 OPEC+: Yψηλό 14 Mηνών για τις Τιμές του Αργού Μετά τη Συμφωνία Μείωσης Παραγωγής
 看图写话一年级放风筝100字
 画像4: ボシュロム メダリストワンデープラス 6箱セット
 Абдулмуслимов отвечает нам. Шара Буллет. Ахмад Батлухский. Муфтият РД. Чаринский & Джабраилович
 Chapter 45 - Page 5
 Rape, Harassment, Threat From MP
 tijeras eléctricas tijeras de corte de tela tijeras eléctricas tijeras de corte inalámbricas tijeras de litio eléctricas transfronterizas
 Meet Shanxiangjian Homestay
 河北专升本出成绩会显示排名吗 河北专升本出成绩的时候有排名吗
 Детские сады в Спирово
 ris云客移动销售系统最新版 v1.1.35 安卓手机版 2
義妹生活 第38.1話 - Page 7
☆ ☆ ☆ ☆
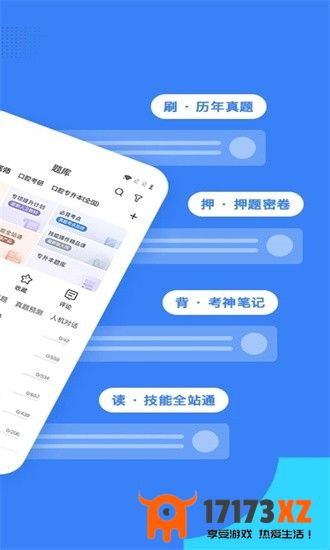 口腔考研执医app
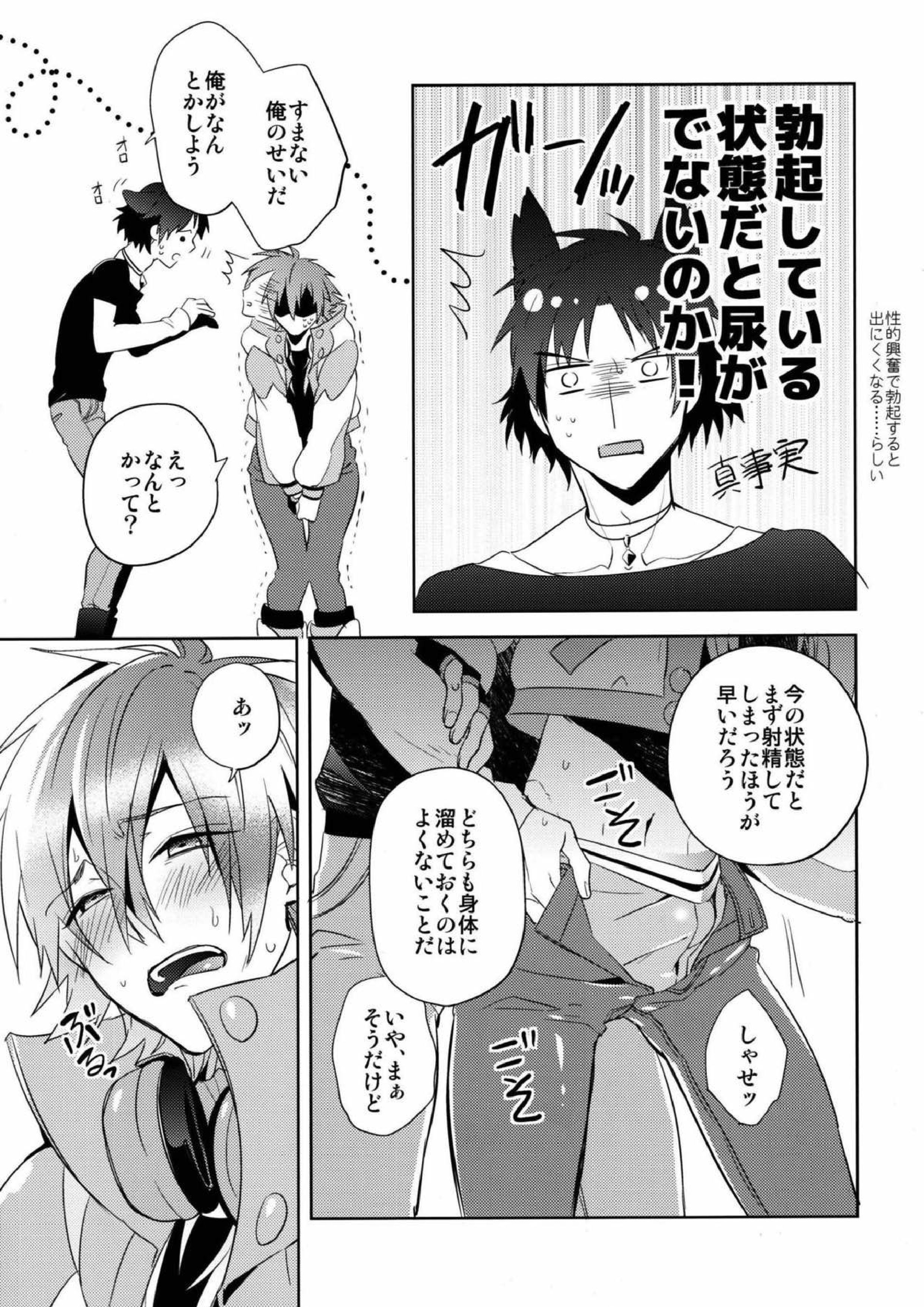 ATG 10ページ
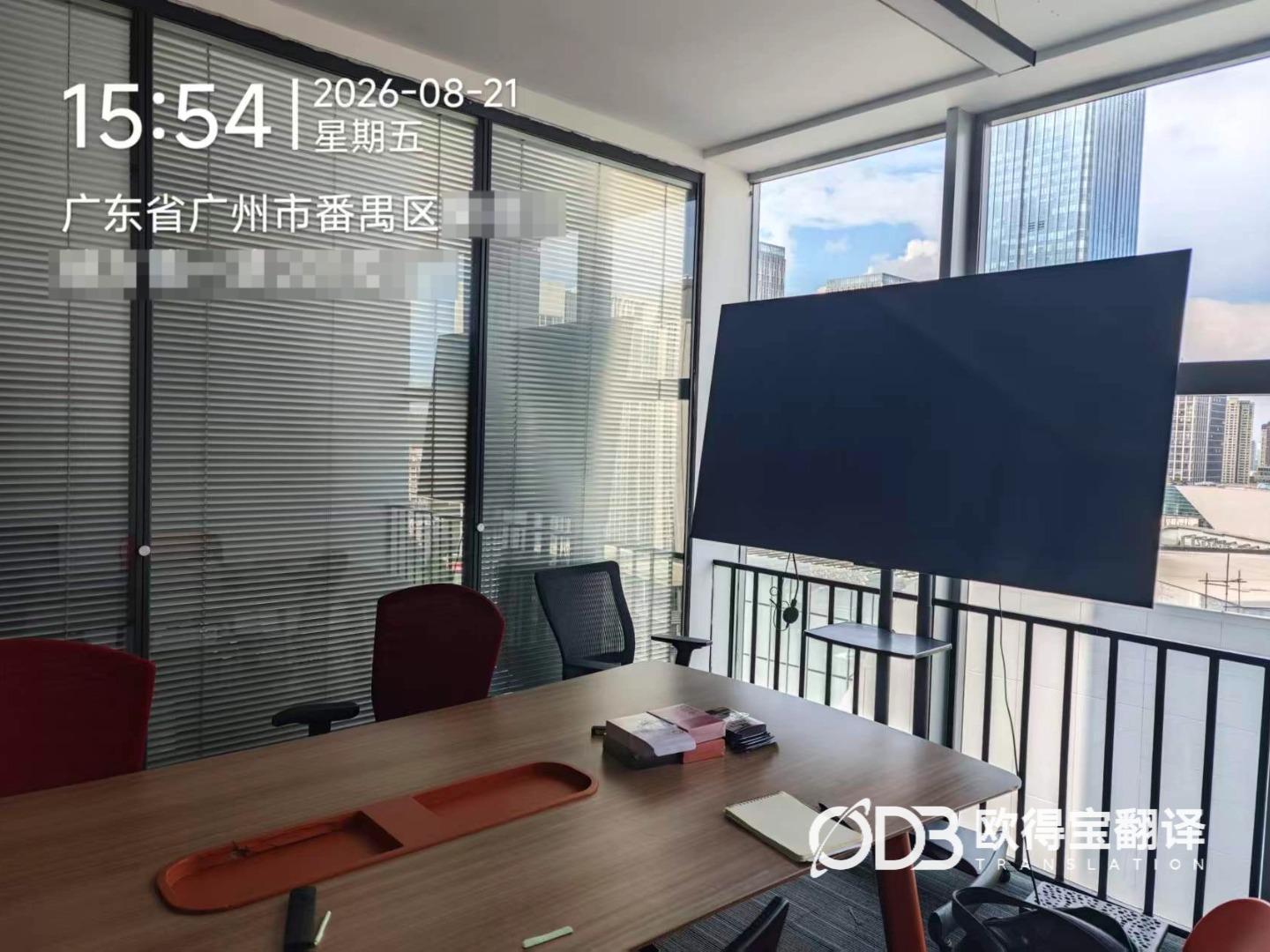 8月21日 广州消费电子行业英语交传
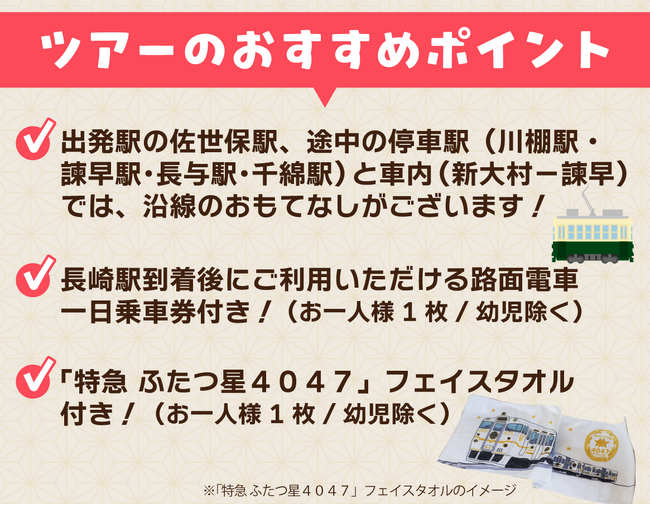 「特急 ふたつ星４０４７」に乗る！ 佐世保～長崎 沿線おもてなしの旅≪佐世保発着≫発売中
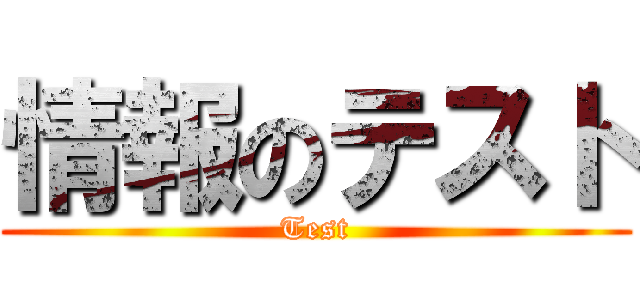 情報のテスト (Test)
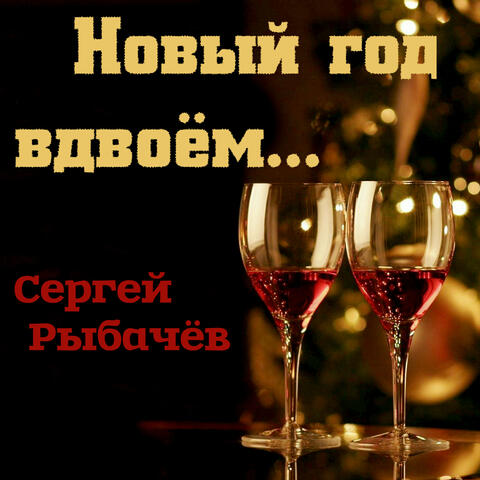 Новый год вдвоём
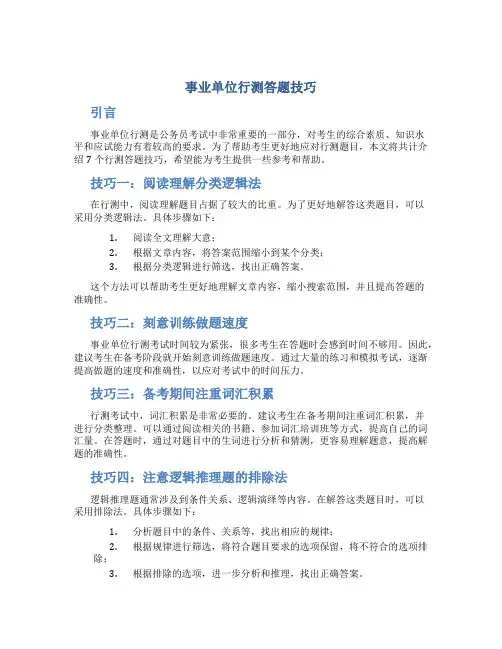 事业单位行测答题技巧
☆ ☆ ☆ ☆
### ABOUT THIS EXERCISE
Every line above from the line with "Meet Shanxiangjian Homestay" to the line with "義妹生活 第38.1話 - Page 7", inclusive, must be returned exactly; no other line belongs in the reply.

### SOLUTION
 Meet Shanxiangjian Homestay
 河北专升本出成绩会显示排名吗 河北专升本出成绩的时候有排名吗
 Детские сады в Спирово
 ris云客移动销售系统最新版 v1.1.35 安卓手机版 2
義妹生活 第38.1話 - Page 7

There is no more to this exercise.